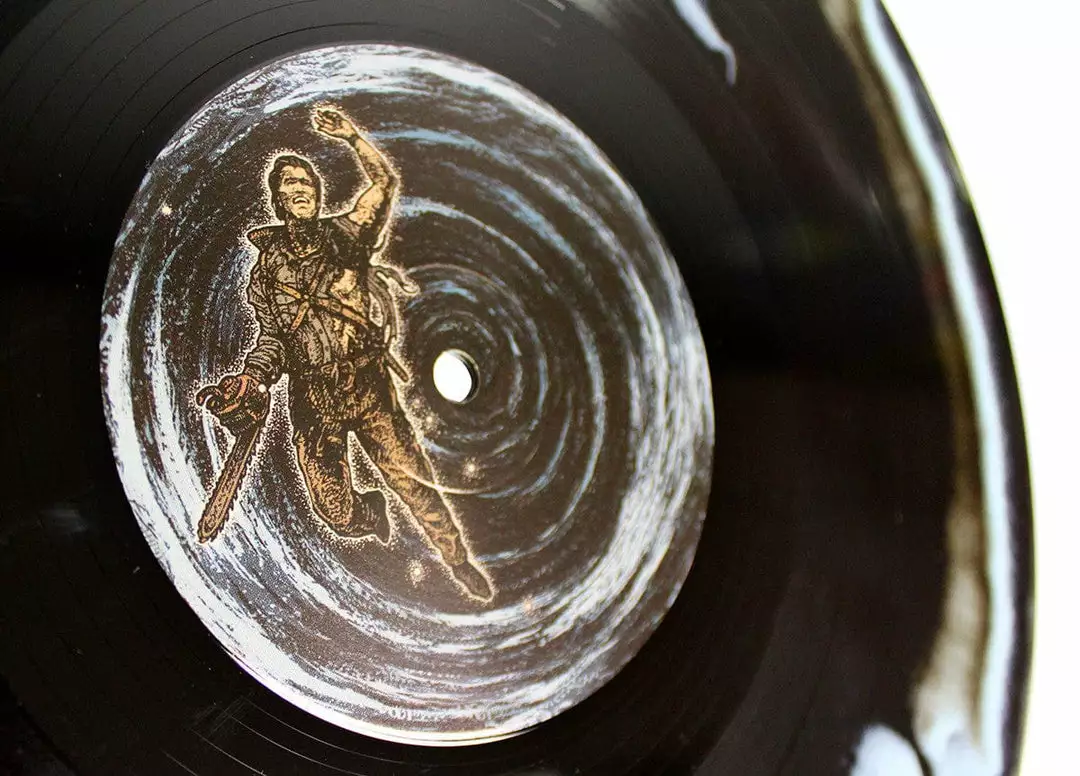 Joe LoDuca Army Of Darkness Original Motion Picture Soundtrack 2XLP Music 5 Joe LoDuca Army Of Darkness Original Motion Picture Soundtrack 2XLP Music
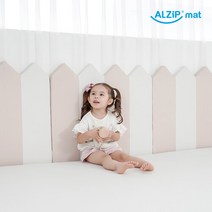 [알집] 울타리벽매트 80x6개 3종 택1, 상품선택:울타리벽매트 80*6개 로즈베이지, 단품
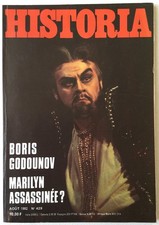 Historia 429 août 1982 - historia,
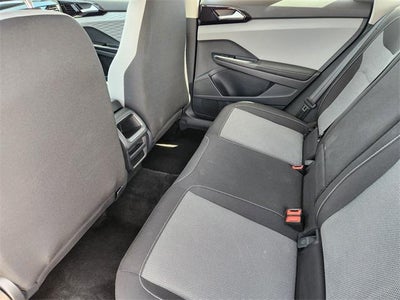 2024 Volkswagen Taos 1.5T S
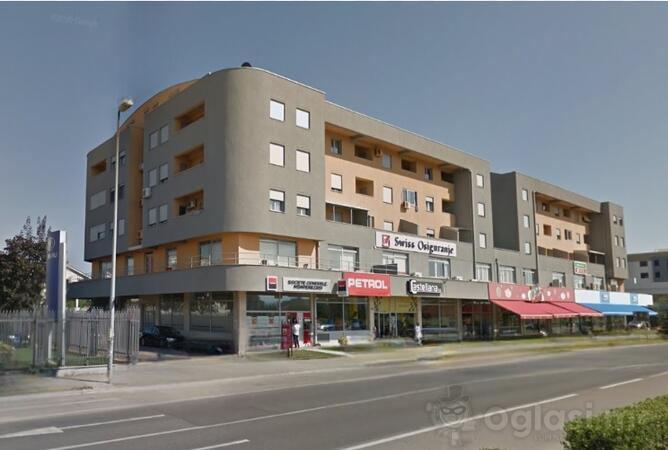 Trosoban stan 86m2 - Podgorica - Stari Aerodrom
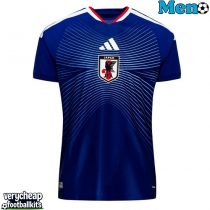 Japan Replica Home Shirt World Cup 2026 Short Sleeve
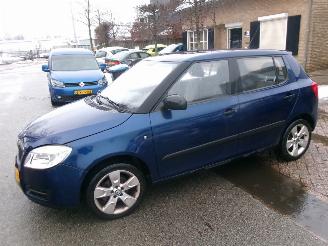 Unfallwagen Skoda Fabia 1.2 DRIVE AIRCO 2010/2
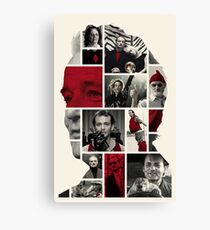 Bill Murray Canvas Print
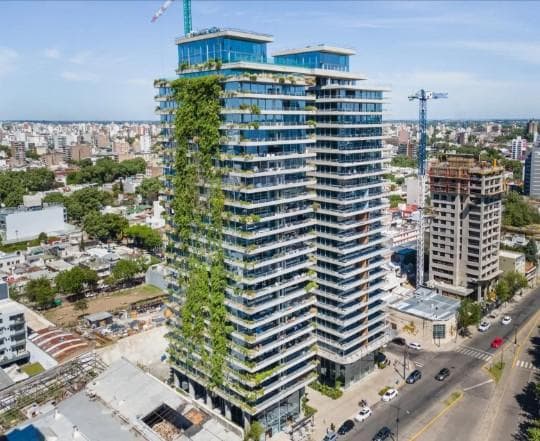 PERMUTA- Deptarmente 3 Dormitorios, Vista al Río- Amenities Premium- Pichincha, Rosario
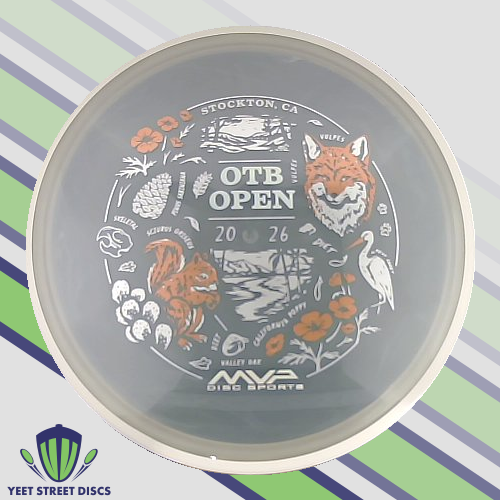 2026 OTB Open Proton Reactor - MVP 176.74g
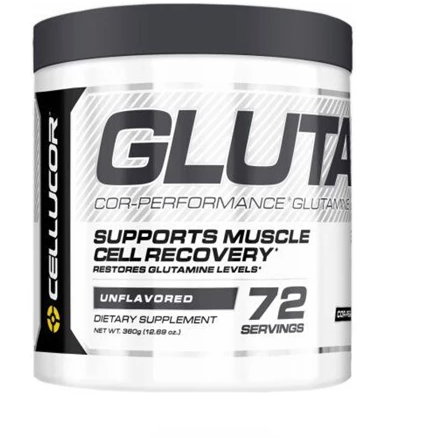 Cellucor - Cor-Performance Glutamine - GymSupplements.co.uk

═══

The line that contains "Bill Murray Canvas Print" opens the part to copy, and the last line of the records closes it; set down those lines exactly, pictures excluded.

# [Written answer]
 Bill Murray Canvas Print
 PERMUTA- Deptarmente 3 Dormitorios, Vista al Río- Amenities Premium- Pichincha, Rosario
 2026 OTB Open Proton Reactor - MVP 176.74g
 Cellucor - Cor-Performance Glutamine - GymSupplements.co.uk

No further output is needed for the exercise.